Friday, February 08, 2008

"I gave Bobby a book about G.K. Chesterton..."

Big News brought to our attention by Sean Dailey @ The Blue Boar:
In 2004, [Bobby] Fischer was arrested and detained in Japan for allegedly attempting to travel on a revoked passport. The U.S. government insisted that his passport had been revoked. San Diego attorney Richard Vattuone, a Catholic, flew to Japan to act as counsel for Fischer. After his release, Fischer emigrated to Iceland.

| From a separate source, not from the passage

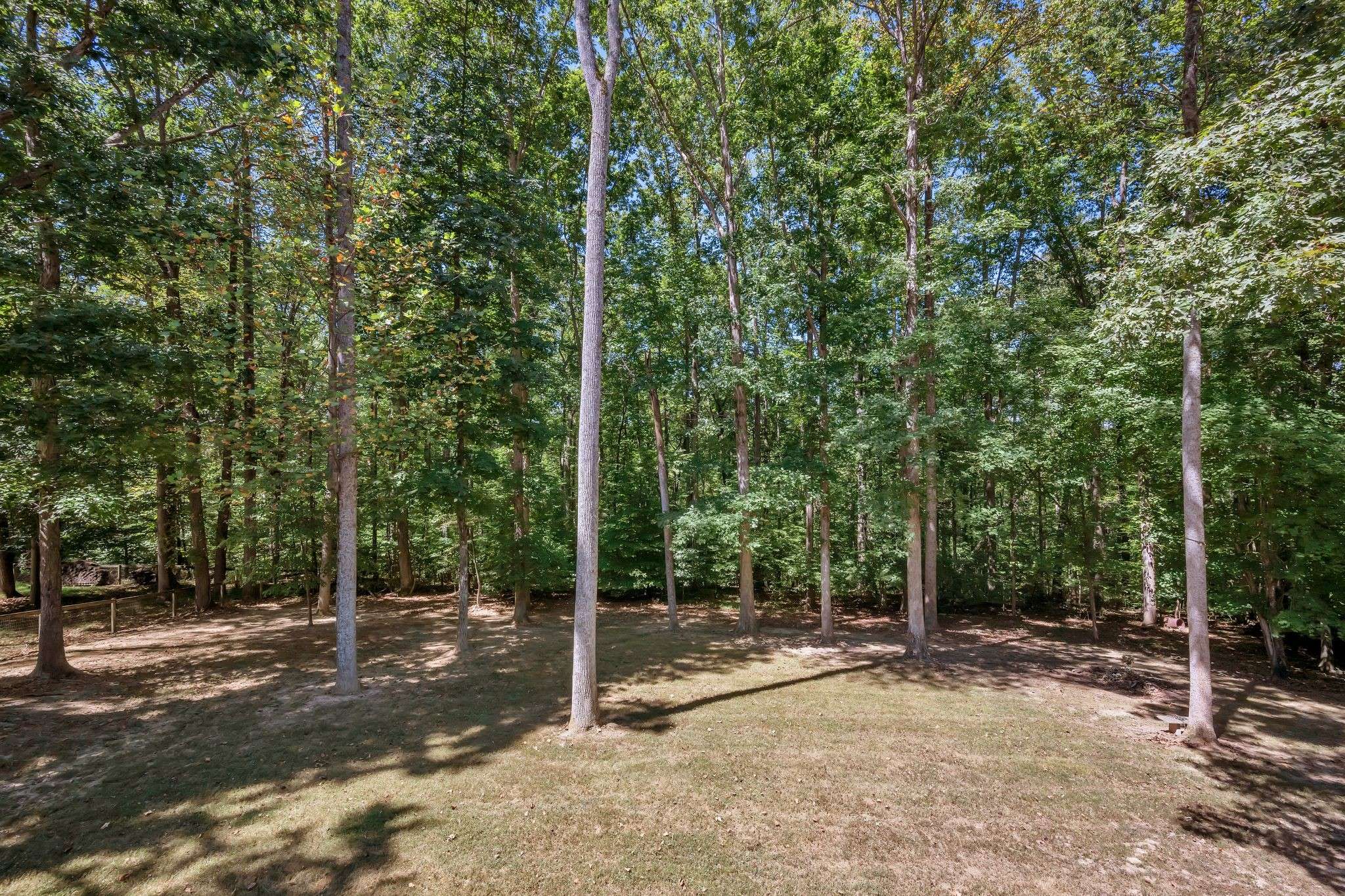 Kingston Springs, TN 37082,1134 Bald Eagle Dr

Vattuone is intrigued by Fischer's final act. "When I met him in Japan, I gave Bobby a book about G.K. Chesterton, The Apostle of Common Sense. The book covered many matters of culture and religion. I know Bobby had read at least some of the book. Chesterton was a convert and the book contained an article about his conversion. We had also discussed religion."
-- from an article by Robert Kumpel

1 comment:

Keith said...

Wow. It would have been cool if Fischer read Orthodoxy. I was just talking to my father-in-law about how it applied to him:
: : : : : : : : : :
Now, if we are to glance at the philosophy of sanity, the first thing to do in the matter is to blot out one big and common mistake. There is a notion adrift everywhere that imagination, especially mystical imagination, is dangerous to man's mental balance. Poets are commonly spoken of as psychologically unreliable... Facts and history utterly contradict this view. Most of the very great poets have been not only sane, but extremely business-like... Imagination does not breed insanity. Exactly what does breed insanity is reason. Poets do not go mad; but chess-players do. Mathematicians go mad, and cashiers; but creative artists very seldom. I am not, as will be seen, in any sense attacking logic: I only say that this danger does lie in logic, not in imagination. . . . The general fact is simple. Poetry is sane because it floats easily in an infinite sea; reason seeks to cross the infinite sea, and so make it finite. The result is mental exhaustion, like the physical exhaustion of Mr. Holbein. To accept everything is an exercise, to understand everything a strain. The poet only desires exaltation and expansion, a world to stretch himself in. The poet only asks to get his head into the heavens. It is the logician who seeks to get the heavens into his head. And it is his head that splits.